**GIVEN RECORDS:**
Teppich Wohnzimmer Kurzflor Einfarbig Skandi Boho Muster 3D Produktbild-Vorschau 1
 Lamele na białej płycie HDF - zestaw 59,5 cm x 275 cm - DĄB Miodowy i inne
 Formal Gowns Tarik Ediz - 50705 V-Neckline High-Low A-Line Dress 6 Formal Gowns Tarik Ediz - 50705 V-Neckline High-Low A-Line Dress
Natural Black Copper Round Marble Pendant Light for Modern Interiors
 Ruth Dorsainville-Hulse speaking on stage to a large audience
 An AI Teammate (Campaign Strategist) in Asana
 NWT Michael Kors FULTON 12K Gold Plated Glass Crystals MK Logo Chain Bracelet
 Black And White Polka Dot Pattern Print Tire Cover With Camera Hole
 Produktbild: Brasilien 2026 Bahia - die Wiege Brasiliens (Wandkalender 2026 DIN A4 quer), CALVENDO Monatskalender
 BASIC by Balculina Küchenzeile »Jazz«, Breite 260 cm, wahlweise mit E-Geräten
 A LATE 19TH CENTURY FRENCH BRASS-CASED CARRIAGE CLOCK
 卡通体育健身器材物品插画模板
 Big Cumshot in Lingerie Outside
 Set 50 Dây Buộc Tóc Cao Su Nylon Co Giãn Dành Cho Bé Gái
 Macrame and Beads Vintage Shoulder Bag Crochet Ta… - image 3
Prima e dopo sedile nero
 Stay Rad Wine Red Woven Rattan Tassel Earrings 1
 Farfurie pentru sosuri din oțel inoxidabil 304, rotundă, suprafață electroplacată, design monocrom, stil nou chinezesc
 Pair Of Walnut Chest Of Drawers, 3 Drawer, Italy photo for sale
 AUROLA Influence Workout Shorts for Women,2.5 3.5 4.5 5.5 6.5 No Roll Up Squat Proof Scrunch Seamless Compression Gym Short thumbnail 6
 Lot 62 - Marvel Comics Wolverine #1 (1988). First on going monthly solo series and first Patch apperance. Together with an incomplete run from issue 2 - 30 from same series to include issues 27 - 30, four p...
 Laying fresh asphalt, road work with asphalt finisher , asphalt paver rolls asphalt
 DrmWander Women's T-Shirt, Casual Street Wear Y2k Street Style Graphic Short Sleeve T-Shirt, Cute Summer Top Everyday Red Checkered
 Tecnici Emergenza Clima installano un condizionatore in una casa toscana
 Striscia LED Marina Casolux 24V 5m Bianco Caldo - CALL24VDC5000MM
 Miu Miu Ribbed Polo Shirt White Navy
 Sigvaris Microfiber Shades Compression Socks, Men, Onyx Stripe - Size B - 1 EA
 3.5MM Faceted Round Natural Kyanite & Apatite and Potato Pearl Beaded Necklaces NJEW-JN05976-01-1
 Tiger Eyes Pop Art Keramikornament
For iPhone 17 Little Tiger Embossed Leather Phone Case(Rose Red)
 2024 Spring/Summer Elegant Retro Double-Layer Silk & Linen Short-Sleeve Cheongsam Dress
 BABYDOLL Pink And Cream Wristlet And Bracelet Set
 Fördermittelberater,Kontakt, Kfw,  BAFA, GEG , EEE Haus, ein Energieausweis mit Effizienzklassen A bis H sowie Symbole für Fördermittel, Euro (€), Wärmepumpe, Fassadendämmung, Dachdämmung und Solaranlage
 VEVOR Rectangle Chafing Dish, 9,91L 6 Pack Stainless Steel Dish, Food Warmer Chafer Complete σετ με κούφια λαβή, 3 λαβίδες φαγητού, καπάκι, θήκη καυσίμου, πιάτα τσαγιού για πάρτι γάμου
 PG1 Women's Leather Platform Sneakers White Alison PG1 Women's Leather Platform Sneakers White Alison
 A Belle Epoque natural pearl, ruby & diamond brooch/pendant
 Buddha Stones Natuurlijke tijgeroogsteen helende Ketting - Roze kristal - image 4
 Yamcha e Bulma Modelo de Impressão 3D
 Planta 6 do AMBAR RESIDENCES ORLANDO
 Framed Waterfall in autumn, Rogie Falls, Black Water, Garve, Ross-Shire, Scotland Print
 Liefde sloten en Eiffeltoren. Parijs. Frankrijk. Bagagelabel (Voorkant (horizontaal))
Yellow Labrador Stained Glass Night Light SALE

**DIRECTIONS FOR THIS TASK:** Above are the records; copy each line from them that includes the string "Shirt".

**EXERCISE RESPONSE:**
 DrmWander Women's T-Shirt, Casual Street Wear Y2k Street Style Graphic Short Sleeve T-Shirt, Cute Summer Top Everyday Red Checkered
 Miu Miu Ribbed Polo Shirt White Navy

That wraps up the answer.